The biggest chunk of the agency budget supports the Employment Development Department, which under Governor Jerry Brown’s 2012-13 proposed budget receives $14.3 billion ($438.8 million from the General Fund). Unemployment benefit payments were budgeted at $13.2 billion in 2011-12 and $6.9 billion in 2012-13.
To square accounts with the federal government, the governor proposed taking $417 million from the General Fund to make an interest payment on the funds borrowed to pay for the surge of unemployment benefits without interruption during the recession. To pay for that, and to repay money borrowed from the Unemployment Compensation Disability Fund, the governor proposed a surcharge on employers starting January 1, 2013. To reduce the amount of money needed to be paid out, the governor also planned to raise the eligibility requirements to qualify for benefits.
Cutbacks and consolidation would trim the budget for the Unemployment Insurance Appeals Board by $2.6 million in 2012-13.
The governor’s discretionary Workforce Investment Act (WIA) budget is forecast to fall $39.5 million with a decrease in funding by the federal government.
Next biggest spender at the agency is the Department of Industrial Relations, budgeted at $425.1 million ($4.4 million from the General Fund) for 2012-13. Almost 40% of the department’s budget goes to administering workers’ compensation.

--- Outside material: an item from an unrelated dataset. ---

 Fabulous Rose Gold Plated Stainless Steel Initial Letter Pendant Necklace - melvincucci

An increase of $2.3 million is included to expand education and outreach efforts to boost the effectiveness of the labor compliance field staff.
The Agricultural Labor Relations Board, budgeted at $5.4 million for 2012-13, gets an additional $500,000 to reduce a backlog of unfair labor practice cases. The department will make changes to clear these cases more quickly in the future.

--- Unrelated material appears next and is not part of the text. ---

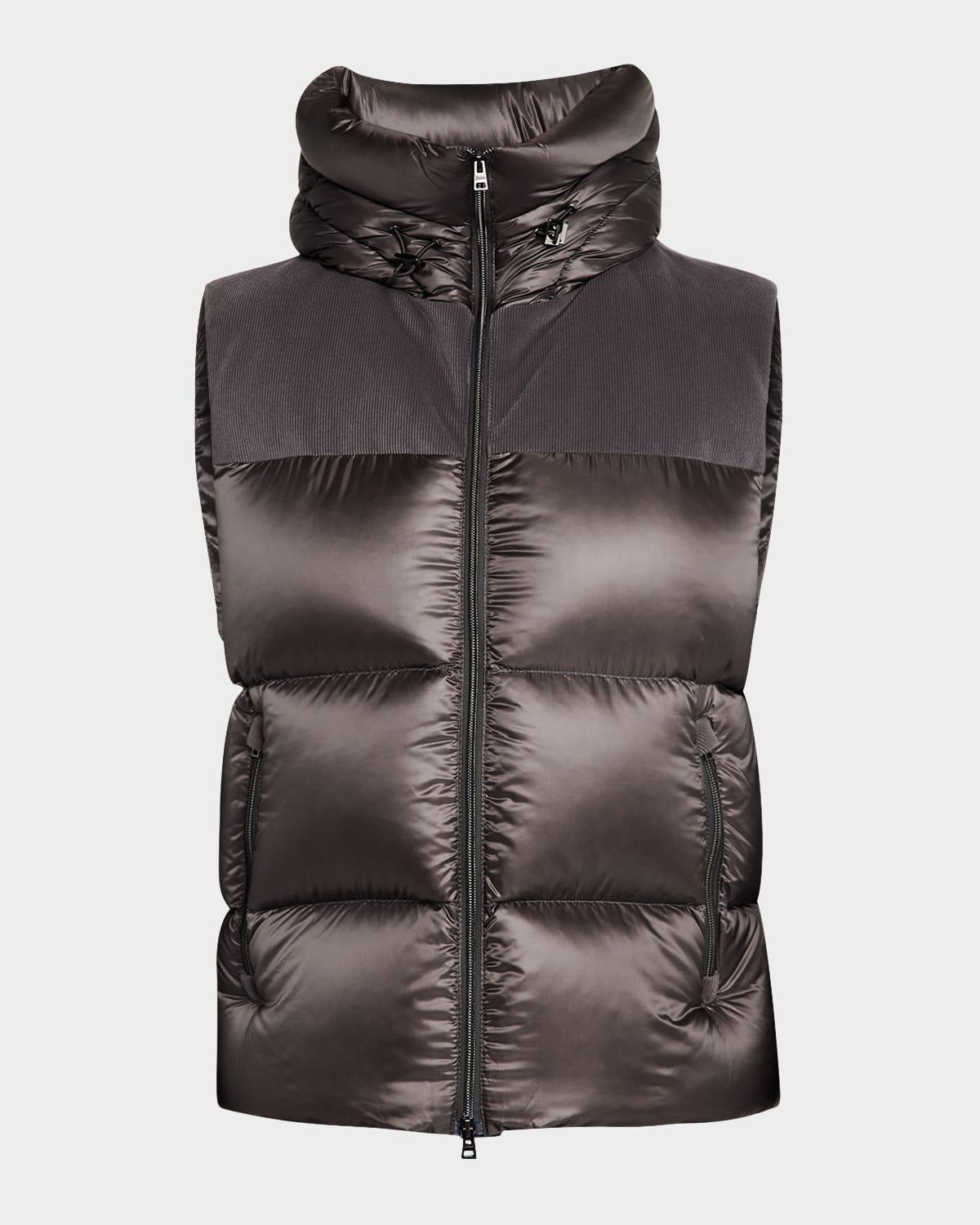 Mens Shiny Nylon Hooded Down Vest Product Image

Ninety-two percent of the California Workforce Investment Board’s $3.3 million budget comes from the federal government, but the board oversees the local workforce investment boards that receive federal dollars that flow mostly through the EDD. Of the 2008-09 federal appropriation (allocated over two years), California spent $125 million on adult programs: 63% to One-Stop Employment Services, 20% to job training and 17% to administrative/operating expenses. Around $84 million went to similar programs for dislocated workers. A third allocation went to youth programs, whose numbers aren’t broken out in data provided to the Legislature.
The Workforce Investment Act: How Is the Federal Funding Being Spent? (California Senate Office of Research) (pdf)
3-Year Budget (pdf)
2012-13 Governor’s budget, Labor and Workforce Development (pdf)
Hiring Discrimination Protection for the Jobless
California has often been at the forefront of legislation protecting the rights of the individual vs. business. Some legislators and workers’ rights groups want it to take another step in that direction by protecting a new class of worker from discrimination: those who aren’t working at all. AB 1450, introduced in January 2012 by Democratic Assemblyman Michael Allen, would fine employers or employment agencies that refuse to consider out-of-work applicants for openings.
An applicant’s employment status would be added to such characteristics as race, gender and religion that are protected criteria in hiring decisions.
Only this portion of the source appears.